Big companies with longstanding employer-sponsored health care plans -- such as John Deere, Caterpillar, AT&T, and Verizon -- are examining costs and are contemplating paying a fine to the government in lieu of continuing their much more expensive employee insurance programs. After reviewing Congressionally-requested internal documents from these companies that outlined this possible exodus from employer-sponsored insurance, supporters of the health care bill in Congress were so surprised that they cancelled a proposed hearing on the effects of the new law. The companies' analyses of the impact the new health care revealed worrisome, but far from unexpected estimates.
Last July, when the bill was still in the early stages of development, I spoke on the Senate floor warning that the law's penalties for businesses that don't provide health insurance would create a perverse incentive. "When you do the math, this is no penalty at all, compared to the cost of private insurance ... [it would] directly encourage employers to dump their employees" from their health insurance. "Paying the so-called penalty to get out from under these private health insurance costs looks like a pretty smart business decision." The Administration denied this. Now, ten months later, companies are in fact contemplating it.

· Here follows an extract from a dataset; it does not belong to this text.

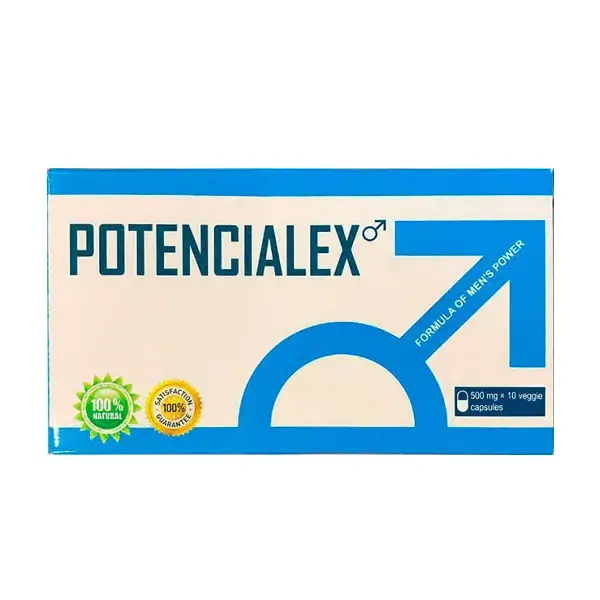 Potencialex ⋆ Cena ⋆ Česko ⋆ Koupit ⋆ Wellness4you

This provision could have significant savings for businesses and costs for taxpayers. AT&T, for example, estimated that paying the government fine instead of providing employee insurance would cut their annual health care expenses from $2.4 billion to $600 million -- a 75 percent savings, which is jaw-dropping for any business. An official from John Deere has indicated they should look into "just paying the fine," and Caterpillar is giving it "serious consideration." If a major employer discontinues health insurance for its employees, brace yourselves for their competitors to do the same.
And yet, when the Congressional Budget Office scored the health care bill, it assumed that companies would be covering more employees in ten years, not fewer. This optimistic view led to an optimistic cost projection. If an overwhelming number of unanticipated Americans lose their insurance plans and are forced onto state health insurance exchanges, their eligibility for government subsidies would no doubt cause the actual cost of the bill to skyrocket. This would leave us even farther than before from lowering our country's health care costs, and reeling from the law's broken promises. Should businesses follow through with these more cost-effective plans, the promise "If you like your health care, you can keep it" would indeed be broken.